**Problem details**
Look through the records that follow. Copy every line containing the word "White".

**Information provided**
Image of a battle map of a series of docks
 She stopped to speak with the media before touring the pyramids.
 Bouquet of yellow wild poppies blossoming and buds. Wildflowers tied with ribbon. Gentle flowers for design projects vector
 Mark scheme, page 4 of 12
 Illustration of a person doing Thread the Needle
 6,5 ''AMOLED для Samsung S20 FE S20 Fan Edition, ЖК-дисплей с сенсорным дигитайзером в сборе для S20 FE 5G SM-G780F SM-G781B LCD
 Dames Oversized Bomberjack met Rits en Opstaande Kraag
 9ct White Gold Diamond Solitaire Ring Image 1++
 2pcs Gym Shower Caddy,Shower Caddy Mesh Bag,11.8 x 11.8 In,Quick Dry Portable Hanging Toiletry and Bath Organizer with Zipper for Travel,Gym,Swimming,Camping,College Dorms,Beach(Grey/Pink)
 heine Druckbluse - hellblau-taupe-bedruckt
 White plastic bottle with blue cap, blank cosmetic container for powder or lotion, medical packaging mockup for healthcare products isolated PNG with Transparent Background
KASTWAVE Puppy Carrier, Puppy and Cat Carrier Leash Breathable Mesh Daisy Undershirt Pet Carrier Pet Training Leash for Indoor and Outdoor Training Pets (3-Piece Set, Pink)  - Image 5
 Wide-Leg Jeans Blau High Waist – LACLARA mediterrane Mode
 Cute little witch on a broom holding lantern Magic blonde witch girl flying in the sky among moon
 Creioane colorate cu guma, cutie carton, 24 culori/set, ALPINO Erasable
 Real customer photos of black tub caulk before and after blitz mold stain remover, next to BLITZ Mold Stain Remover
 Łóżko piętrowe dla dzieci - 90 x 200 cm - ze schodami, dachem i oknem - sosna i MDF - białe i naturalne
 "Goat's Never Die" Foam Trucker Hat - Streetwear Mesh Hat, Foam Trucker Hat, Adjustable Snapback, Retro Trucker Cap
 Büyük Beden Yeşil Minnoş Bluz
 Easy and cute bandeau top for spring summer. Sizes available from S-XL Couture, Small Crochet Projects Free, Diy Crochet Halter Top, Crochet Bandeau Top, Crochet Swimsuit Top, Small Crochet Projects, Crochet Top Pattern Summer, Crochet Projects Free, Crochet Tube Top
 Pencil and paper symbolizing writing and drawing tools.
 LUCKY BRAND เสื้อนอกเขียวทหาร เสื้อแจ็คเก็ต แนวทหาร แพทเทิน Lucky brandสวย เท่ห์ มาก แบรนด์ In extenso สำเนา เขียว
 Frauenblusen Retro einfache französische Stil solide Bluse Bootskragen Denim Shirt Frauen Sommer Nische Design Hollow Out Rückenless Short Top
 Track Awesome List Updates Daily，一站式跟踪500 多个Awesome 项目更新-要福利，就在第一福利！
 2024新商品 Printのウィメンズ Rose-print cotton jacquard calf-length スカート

**Final answer**
 9ct White Gold Diamond Solitaire Ring Image 1++
 White plastic bottle with blue cap, blank cosmetic container for powder or lotion, medical packaging mockup for healthcare products isolated PNG with Transparent Background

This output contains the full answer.